Create index on 4 millions documents

Frederic_Klein · June 21, 2023, 4:42pm

Dear community
Context: Atlas M20 cluster, a collection with unexpected about 4 millions documents, still counting.
I am about to add a new field to my documents (nodejs migration script). This field will be a string to be considered as an enum (<5 different values).
The value will be taken from an existing field on which I am currently querying with regex.
I am expecting a performance improvement.
In addition I am considering adding an index on this new field.
Here my questions:

can I expect an even bigger performance boost when querying on this newly indexed field (equality only) ?
should I add the index before migrating the documents with new field value or should I first migrate all documents with the new field and then create the index?
how long will the collection be locked by the index creation process preventing writes?

chris · June 22, 2023, 1:59pm

If the field(or the one you are sourcing from) was not indexed, then yes you will see a performance increase, as the query will perform an index scan instead of a collection scan.

Hovever the low cardinality of the index won’t be as performant as one with higher cardinality.

Its is probably more efficient to do it afterwards.
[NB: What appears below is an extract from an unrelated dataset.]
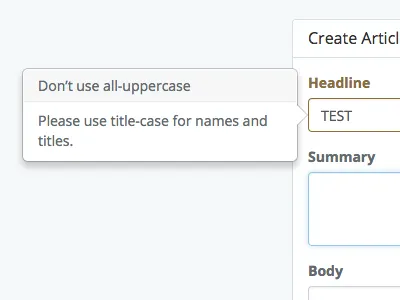 Inline validation bootstrap cms ui ux validation
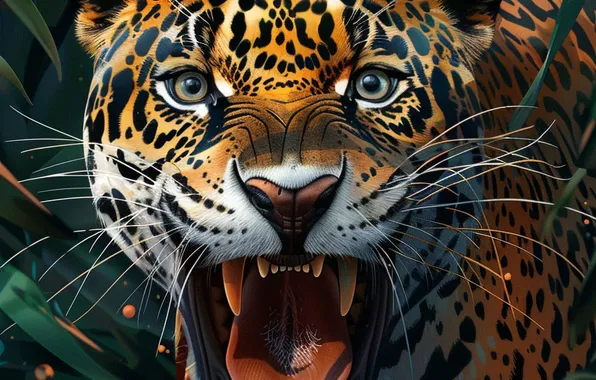 Mustache, Jaguar, Mouth, Fangs, Face, Predator, Art, Digital art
If you create it beforehand there will be an additional 4M index entries to update when you run your migration, the non existing field is indexed as null. But with this number of documents you are unlikely to notice the difference.
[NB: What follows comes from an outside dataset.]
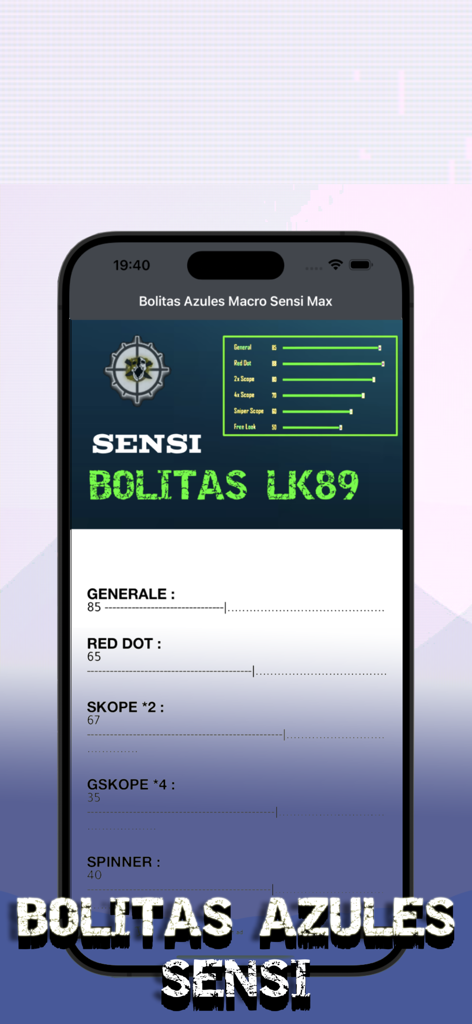 Bolitas Azules Macro-Sensi Max - Interfaz de configuraciones de sensibilidad en la aplicación Bolitas Azules Macro-Sensi Max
Later versions of MongoDB(4.2+) only lock the collection at the start and end of the build. In my experience this is a very short period.
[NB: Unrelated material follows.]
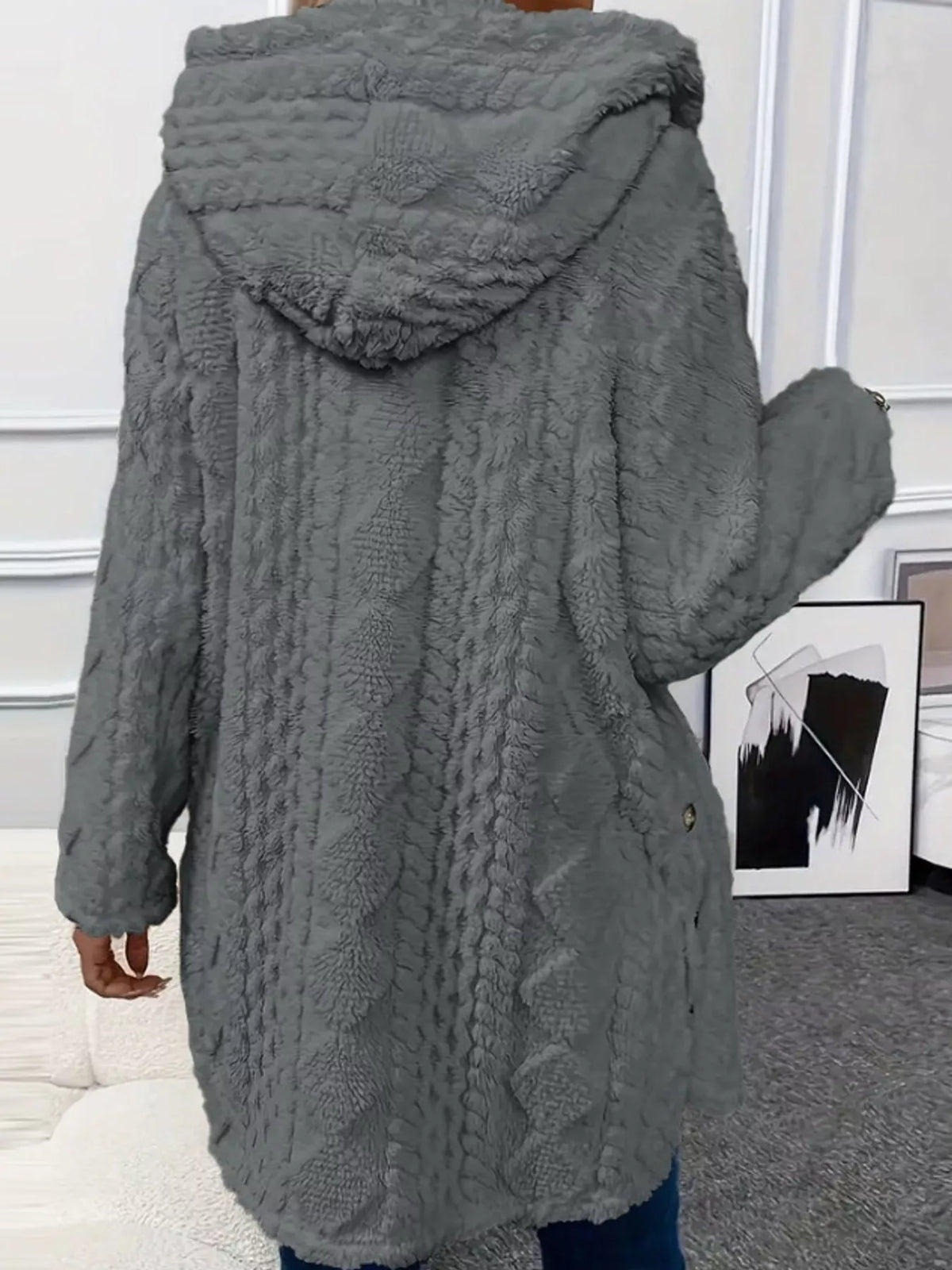 full size cozy cable-knit faux fur hooded outerwear | dropsona - neutral - size reference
If you have a Pre-Prod cluster test there beforehand to see how you applications perform.

Wuth dedicated Atlas tiers (M10+) you can use a rolling index build to avoid any performance impact from building an index. However there will be a step-down of the primary when it comes to build on that member. I just mention this for completeness not that I think you need it.

Frederic_Klein · June 22, 2023, 3:13pm

Thanks a lot @chris for these answers.
I am running version 5.0.18 on GCP.

When you say “a very short period”, what should I understand: a couple of seconds (2, 5, 10) or minutes?
What will happen to writes (inserts) during that time?

In your experience, how long should I expect the index to build for e.g. 6M entries by next Sunday (lower load on that day)?

And after the index is built, is it a good idea to let my migration script run at full speed, possibly hammering hard on the opcounters or should I rather throttle it?

In addition, I noticed that, although I am querying an aggregation pipeline having as first stage a $match on a range of a non indexed Date (timestamp) field and as second stage a $match ($ne) on another non indexed String field that can hold 3 different values, the Performance Advisor still does not suggest any index.
Any idea why not?
Is it considering that the potential performance improvement would not compensate the cost of the index?